■ Aim of the exercise: Among the entries below, count the lines with "shortvideo" in them and state the total without comment.

■ Data extracts:
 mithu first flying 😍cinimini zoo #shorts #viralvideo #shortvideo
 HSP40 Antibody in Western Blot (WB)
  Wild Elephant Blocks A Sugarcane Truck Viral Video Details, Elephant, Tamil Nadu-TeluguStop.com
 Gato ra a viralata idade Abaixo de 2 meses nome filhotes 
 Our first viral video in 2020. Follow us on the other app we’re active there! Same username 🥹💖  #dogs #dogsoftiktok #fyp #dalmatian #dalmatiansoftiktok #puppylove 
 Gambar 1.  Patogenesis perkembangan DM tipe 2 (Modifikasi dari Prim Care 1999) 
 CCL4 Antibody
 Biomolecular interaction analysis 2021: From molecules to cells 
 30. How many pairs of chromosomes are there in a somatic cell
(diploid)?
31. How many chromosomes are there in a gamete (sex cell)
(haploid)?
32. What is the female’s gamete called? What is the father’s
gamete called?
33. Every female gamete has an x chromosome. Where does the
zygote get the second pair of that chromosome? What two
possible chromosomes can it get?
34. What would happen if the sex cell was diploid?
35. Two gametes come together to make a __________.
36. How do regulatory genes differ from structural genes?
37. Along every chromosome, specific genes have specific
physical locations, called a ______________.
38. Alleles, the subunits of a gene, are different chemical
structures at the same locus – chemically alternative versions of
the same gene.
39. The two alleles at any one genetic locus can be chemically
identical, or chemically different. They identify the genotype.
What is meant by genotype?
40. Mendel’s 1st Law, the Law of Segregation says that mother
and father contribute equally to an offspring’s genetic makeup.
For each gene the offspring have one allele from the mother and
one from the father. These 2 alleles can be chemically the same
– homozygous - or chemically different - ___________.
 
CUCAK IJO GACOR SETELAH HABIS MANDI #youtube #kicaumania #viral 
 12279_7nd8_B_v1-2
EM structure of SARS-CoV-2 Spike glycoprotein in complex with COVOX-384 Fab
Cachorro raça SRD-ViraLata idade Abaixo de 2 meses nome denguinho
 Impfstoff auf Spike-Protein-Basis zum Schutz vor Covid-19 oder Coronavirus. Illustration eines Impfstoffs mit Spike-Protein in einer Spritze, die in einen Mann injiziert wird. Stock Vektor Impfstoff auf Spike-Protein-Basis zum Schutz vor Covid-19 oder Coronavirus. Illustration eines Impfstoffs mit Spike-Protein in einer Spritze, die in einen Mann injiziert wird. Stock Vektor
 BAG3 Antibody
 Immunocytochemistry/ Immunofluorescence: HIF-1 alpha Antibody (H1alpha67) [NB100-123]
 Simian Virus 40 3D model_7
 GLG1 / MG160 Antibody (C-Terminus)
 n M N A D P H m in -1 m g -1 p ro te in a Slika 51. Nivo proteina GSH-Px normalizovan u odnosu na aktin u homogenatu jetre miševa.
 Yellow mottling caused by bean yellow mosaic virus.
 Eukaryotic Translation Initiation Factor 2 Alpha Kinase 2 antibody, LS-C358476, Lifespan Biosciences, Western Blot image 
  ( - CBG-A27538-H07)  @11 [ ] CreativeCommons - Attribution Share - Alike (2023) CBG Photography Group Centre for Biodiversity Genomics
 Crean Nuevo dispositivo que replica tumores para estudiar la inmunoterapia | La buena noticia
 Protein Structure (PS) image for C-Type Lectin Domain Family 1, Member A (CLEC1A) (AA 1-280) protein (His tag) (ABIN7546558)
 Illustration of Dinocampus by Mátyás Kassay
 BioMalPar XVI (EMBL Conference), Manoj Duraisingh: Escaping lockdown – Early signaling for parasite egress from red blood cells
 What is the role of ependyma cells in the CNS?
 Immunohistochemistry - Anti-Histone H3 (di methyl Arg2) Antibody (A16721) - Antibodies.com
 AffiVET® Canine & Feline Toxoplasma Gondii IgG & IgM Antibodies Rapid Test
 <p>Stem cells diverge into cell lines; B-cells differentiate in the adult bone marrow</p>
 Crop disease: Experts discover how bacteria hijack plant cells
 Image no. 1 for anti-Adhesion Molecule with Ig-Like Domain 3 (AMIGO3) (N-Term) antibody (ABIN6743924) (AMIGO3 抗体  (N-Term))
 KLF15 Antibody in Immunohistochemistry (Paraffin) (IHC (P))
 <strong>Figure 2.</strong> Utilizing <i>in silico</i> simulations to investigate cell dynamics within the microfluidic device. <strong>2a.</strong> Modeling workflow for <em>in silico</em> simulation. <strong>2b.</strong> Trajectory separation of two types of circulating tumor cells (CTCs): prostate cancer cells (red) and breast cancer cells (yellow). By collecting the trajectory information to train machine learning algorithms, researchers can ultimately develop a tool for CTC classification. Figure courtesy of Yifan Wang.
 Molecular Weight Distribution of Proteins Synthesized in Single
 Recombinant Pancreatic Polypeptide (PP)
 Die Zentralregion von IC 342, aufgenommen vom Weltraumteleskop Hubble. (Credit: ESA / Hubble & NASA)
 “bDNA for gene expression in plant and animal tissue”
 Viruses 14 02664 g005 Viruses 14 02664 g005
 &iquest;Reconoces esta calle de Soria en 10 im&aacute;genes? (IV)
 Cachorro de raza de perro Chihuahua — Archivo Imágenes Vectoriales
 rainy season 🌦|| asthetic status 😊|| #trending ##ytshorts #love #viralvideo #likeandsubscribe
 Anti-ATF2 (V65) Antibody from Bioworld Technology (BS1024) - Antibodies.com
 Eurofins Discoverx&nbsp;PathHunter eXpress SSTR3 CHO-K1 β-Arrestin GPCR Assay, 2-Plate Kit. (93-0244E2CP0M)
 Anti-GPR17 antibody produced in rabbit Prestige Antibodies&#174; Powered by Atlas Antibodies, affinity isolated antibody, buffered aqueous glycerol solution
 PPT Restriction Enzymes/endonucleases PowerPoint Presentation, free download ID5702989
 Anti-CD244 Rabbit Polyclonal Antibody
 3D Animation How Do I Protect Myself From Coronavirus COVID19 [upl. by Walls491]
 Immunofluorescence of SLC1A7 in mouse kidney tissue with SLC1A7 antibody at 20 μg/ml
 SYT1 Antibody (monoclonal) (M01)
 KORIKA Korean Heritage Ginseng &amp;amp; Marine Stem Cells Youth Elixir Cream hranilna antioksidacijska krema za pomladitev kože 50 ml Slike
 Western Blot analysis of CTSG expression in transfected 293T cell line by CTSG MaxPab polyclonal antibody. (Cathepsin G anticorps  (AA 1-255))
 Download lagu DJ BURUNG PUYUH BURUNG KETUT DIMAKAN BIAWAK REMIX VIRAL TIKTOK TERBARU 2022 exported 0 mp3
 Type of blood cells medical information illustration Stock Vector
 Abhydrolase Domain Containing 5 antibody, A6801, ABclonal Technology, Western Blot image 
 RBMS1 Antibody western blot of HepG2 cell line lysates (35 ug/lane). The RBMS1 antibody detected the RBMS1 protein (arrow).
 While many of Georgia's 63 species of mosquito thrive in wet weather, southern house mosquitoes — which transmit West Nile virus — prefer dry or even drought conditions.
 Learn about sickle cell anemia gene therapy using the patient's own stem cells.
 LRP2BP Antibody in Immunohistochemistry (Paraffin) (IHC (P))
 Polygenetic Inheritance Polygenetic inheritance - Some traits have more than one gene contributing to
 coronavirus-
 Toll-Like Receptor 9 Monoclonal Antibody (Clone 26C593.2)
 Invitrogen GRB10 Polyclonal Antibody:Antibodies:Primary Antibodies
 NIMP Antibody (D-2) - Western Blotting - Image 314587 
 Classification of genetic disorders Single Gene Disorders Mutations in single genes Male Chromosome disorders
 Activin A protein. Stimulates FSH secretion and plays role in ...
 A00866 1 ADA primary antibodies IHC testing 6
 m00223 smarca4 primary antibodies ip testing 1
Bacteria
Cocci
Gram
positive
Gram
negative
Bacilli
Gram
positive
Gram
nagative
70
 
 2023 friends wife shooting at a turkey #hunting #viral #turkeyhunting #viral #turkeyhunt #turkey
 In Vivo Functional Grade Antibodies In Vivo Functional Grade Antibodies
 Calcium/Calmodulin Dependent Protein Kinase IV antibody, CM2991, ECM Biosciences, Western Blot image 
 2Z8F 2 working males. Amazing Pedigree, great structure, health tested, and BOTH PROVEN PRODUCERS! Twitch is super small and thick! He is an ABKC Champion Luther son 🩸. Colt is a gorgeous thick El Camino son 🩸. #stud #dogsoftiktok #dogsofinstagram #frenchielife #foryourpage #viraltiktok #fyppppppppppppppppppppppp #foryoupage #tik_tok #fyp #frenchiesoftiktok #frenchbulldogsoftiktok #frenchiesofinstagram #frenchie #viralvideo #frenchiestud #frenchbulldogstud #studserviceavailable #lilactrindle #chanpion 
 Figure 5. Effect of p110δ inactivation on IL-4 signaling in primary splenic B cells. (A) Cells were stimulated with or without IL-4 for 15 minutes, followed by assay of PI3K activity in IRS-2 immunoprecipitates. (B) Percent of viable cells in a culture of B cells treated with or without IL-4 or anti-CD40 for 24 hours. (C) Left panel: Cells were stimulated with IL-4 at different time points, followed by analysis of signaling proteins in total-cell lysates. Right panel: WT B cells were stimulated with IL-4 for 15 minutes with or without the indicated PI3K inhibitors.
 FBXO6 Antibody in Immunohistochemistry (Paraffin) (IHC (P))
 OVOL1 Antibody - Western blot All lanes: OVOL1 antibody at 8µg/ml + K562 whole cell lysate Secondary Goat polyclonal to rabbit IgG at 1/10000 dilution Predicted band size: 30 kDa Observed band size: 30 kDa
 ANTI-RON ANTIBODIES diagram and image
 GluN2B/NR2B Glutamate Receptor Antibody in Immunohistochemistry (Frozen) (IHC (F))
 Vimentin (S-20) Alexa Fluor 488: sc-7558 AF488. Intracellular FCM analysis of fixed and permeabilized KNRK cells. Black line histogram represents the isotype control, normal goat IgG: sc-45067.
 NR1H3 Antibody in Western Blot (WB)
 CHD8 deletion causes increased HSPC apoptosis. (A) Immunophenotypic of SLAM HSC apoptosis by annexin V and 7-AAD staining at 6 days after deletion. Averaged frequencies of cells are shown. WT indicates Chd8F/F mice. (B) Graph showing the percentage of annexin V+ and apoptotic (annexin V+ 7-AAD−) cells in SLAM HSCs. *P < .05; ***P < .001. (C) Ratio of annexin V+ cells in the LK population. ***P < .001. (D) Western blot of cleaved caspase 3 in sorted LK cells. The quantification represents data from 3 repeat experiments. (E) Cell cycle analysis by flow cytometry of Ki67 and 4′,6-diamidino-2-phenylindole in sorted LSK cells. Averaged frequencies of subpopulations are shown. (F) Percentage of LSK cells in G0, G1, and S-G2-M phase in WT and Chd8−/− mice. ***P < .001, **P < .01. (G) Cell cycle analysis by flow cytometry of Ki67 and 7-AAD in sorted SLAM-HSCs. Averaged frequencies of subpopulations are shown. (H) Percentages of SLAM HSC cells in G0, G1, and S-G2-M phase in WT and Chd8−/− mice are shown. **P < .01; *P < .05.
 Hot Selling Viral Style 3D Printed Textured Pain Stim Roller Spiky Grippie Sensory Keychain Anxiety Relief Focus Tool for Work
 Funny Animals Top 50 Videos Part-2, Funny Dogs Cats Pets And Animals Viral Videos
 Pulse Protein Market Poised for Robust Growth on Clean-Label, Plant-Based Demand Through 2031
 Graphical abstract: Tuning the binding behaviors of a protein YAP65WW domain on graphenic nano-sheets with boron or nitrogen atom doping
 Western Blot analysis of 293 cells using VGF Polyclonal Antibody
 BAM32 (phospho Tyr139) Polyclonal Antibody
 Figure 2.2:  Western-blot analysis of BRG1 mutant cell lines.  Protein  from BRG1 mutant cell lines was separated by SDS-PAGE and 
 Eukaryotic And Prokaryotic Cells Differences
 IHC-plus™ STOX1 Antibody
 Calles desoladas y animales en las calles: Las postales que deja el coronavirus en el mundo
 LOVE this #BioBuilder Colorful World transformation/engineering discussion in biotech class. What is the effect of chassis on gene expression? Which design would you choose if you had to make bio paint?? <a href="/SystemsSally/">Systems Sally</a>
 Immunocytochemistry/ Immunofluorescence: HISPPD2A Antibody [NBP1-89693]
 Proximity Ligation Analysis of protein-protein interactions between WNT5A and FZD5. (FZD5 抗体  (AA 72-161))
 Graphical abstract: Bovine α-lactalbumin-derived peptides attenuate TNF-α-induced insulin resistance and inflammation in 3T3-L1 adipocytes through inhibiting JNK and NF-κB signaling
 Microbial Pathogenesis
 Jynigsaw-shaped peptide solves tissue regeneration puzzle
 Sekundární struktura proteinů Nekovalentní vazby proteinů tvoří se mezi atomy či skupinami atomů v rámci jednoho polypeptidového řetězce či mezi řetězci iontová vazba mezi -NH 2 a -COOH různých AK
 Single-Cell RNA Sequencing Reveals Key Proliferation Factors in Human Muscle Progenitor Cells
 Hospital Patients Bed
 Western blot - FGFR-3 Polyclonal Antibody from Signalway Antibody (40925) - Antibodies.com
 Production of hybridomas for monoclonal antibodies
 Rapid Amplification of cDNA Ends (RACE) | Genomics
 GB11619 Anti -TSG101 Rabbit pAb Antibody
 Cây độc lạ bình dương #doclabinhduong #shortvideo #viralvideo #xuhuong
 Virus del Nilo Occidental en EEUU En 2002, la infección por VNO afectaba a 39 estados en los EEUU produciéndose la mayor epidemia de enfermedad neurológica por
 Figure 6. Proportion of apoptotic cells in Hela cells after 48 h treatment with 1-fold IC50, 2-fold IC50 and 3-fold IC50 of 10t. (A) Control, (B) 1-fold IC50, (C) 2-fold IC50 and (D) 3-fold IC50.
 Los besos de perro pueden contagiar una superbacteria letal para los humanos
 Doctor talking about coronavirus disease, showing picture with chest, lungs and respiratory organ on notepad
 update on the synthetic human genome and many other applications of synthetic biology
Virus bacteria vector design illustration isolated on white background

■ Output: 2